Real work was delayed for another week: I've gotten involved in the programming for the bow sensor project. This is real EE&E programming -- it's on a PIC microcontroller (smaller than any of my fingernails). We need to pore over the datasheet, figure out that if we put 0x50 into register TXRDYSND.H and 0x01 into TXRDYSND.L, then we can put the value we want to send into the TXTRMT.H / TXTRMT.L register pair. Different registers have different functions depending on what you've put into other registers previously. Fun!

I'm really enjoy this stuff. This microcontroller in particular is collecting data from 4 or 5 different sensors, then sending it all over a bluetooth chip. We have another bluetooth chip on the other end, hooked up to a RS-232 port. The undergraduate is quite good at hardware, and it's all his own design. So we do a combination of programming, looking at the output on a scope, and sometimes even sticking a multimeter on the wires or copper to check if any of the etched tracings are accidentally touching. We think that happened once; after he carefully scraped away a few places that were suspicious, the output looked much better.
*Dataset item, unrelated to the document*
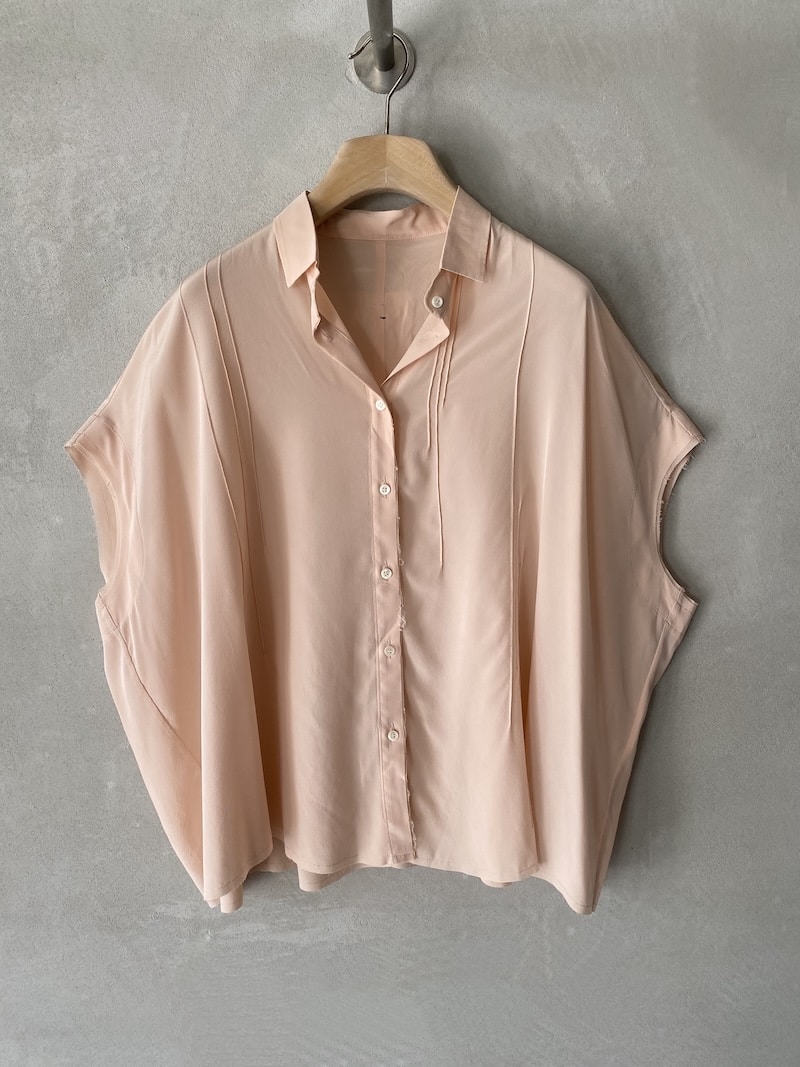 Camicia oversize rosa carne in seta crepe de chine con manica kimono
In case you're wondering, the bow sensor is a long-term project in the lab (somebody's going to have to work on it in the future, and having somebody with a passing knowledge of the system is will definitely make that easier), and I checked with my supervisor before getting involved. The guy's project is almost entirely the hardware, and in industry they'd have a hardware+software guy working on it, so my involvement isn't going to be a problem for his grade.


Apparently it's Christmas soon. Feels like early Nov to me, but oh well... I bought a pair of slippers for the lab. No, they're not the wonderfully girly fuzzy slippers I got for home; there are "manly house-wear", as the undergraduate put it. Dark blue, not fuzzy, etc. I change into them as soon as I get to university.

I also finally bought a violin shoulder rest, and started practicing Bach. No, I'm not going to say something horrible like "it eases my loneliless". Nor am I going to say something even more horrible like "playing Bach makes me realize that we're all together in a cosmic sense". No, I'm practicing Bach (the second solo violin sonata or partita, whichever was easier. It's the one that's all fairly easy, until the last movement which is impossible) because it's an appropriate level for me, and I need to get better before I can start playing in public with other people. If I'd started earlier, then I'd be seriously looking at joining an orchestra in the new year, but I doubt that I'll be good enough. Also, having a £50 violin doesn't precisely help. Not that I'm complaining -- a poor craftsman blames his tools. A good musician should sound decent on any instrument; a poor tone quality doesn't exist bad intonation or lack of bow control!


Buying that shoulder rest has caused me to re-evaluate my research direction. The current plan was to a year really nailing the rhythms -- how do musicians perceive them, how can a computer grade like that, analyzing music to automatically create meaningful rhythmic patterns, etc. I still think that's not a bad idea.

However, there's nothing for me personally in it. Oh, I'm really looking forward to doing the rhythmic analysis and whatnot... but I don't need to practice rhythms. Violin intonation, on the other hand, I really do need to practice. But in my original plan, I wouldn't even start that for another year.

Now, I'm not thinking about abandoning rhythms -- I'm just musing with the idea of banging out a quickie. Slap together a python application for testing violin scales. Nothing fancy... no finger patterns, no arpegios (although those wouldn't be hard to add), no grading mechanism supported by extensive surveys of muscians, and no fancy graphics or animations. Just an objective listener that gives me a score. Something that stops me from blasting through stuff and saying "meh, close enough".

It should only take a day or two... hey, that would make a nice Christmas present for myself. "Merry Christmas, now start practicing your scales seriously".


Last night (Saturday), I tried to do laundry three times, but there were no free washers at 21:30, 22:30, and 23:45. This morning (Sunday), I went there at 11:00 -- completely empty. I'm sure there's a joke in there somewhere.